You've gone through the grind of dealing with cycles in the market, business cycles in the market, and you've built an organization. That gives me the confidence that you have the chops to build a larger organization. You have a clarity of thought. You have a vision, which is very clear. You can lay on the vision of paper, and you have the execution lever to prove that vision, how you'll achieve that vision. So clarity of thought, experience gone through the journey. Relevant, build a very strong organization, able to attract talent, ability to build culture within the organization. Equity. Give them ownership control, decentralization. A lot of things come together Akshay when you look, pick and choose, Hey, what are you building and why should we invest with the founder? Right? So I just don't look at it in isolation or silo. I say, what have you done? What are you doing? How have you built? What's your journey been? And you've put together two and two, a founder advocate the capability to build a large organization. Think about the best talent that's there in the market. Share your equity with the team. Make them part of your journey. Make them, give them a sense of belonging.
Give them a sense of a culture following to your organization. That's when you'll see a large outcome. Get the right chops in place. Get the right vision in place. Find, delivers, build the levers. That's when we automatically will become the most sought after founders in the market. And some of the big guys are already doing it.

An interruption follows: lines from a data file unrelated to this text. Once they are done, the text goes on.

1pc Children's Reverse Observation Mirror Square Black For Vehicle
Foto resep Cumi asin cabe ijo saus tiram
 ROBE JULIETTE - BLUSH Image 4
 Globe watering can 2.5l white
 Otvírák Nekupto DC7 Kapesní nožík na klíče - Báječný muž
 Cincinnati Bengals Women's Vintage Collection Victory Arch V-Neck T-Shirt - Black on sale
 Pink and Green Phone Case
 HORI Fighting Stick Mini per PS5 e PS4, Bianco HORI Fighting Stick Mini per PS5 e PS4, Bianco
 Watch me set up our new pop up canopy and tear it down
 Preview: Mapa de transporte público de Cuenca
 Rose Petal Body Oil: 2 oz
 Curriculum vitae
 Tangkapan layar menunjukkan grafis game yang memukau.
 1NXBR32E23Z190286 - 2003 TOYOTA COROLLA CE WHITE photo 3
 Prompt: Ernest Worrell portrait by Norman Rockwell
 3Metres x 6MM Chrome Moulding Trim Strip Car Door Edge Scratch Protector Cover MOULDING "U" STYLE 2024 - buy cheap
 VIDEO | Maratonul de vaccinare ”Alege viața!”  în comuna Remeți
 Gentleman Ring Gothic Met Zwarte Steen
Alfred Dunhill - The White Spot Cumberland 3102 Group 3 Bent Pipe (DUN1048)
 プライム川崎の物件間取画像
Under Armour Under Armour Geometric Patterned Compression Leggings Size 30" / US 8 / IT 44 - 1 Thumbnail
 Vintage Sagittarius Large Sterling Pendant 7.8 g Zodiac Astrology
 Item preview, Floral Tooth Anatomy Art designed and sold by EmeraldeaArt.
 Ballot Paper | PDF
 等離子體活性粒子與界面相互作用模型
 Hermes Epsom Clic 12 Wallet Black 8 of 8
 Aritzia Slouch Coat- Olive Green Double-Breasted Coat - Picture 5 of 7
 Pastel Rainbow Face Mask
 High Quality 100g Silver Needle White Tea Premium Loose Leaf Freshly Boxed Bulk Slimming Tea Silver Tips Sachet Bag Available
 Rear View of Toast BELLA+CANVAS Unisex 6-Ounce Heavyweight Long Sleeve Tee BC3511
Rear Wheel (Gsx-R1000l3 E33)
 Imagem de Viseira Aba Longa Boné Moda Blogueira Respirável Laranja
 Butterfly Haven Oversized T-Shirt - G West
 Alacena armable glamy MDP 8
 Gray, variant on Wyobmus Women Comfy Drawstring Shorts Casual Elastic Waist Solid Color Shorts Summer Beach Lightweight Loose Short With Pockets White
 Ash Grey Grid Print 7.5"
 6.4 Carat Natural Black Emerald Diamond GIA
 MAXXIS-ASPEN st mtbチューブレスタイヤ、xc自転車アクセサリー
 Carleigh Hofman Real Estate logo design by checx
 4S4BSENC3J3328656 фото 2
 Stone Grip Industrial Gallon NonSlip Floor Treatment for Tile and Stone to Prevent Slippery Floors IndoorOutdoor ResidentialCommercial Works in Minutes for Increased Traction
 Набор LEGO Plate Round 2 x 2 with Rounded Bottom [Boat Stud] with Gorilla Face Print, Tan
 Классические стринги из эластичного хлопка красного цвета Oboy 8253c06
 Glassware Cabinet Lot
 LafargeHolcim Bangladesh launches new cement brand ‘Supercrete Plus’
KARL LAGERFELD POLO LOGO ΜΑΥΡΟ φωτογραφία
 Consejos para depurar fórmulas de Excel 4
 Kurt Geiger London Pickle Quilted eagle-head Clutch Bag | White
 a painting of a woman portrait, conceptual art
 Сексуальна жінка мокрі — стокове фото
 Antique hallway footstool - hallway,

Akshay: What do you mean by the levers here? Like, find the levers. Build the levers. These can you gimme some examples?
Sagar: For example, for Neo, just to take an example of Neo. NEO has to build a premier banking business, mass banking business with Blue collars.
You need partnership with banks to build that, you need to innovative products. So have you partnered with enough banks? Are you able to convince enough banks to come and partner with you? Are the integrations steep enough? Right? Have you done those partnerships? Have you launched products? Have you been able to convince the customers to use your products? Right? So that's the levers to build the business. Are you, do you have marketing team in place? Do you have a accounting finance team in place? Do you have the. Do you have the tech team in place? Right? How do you construct your team in terms of how much should we take? How much should be customer service? How much should be marketing? How much should be branding? Where do you spend your money? So these are lever to build a business.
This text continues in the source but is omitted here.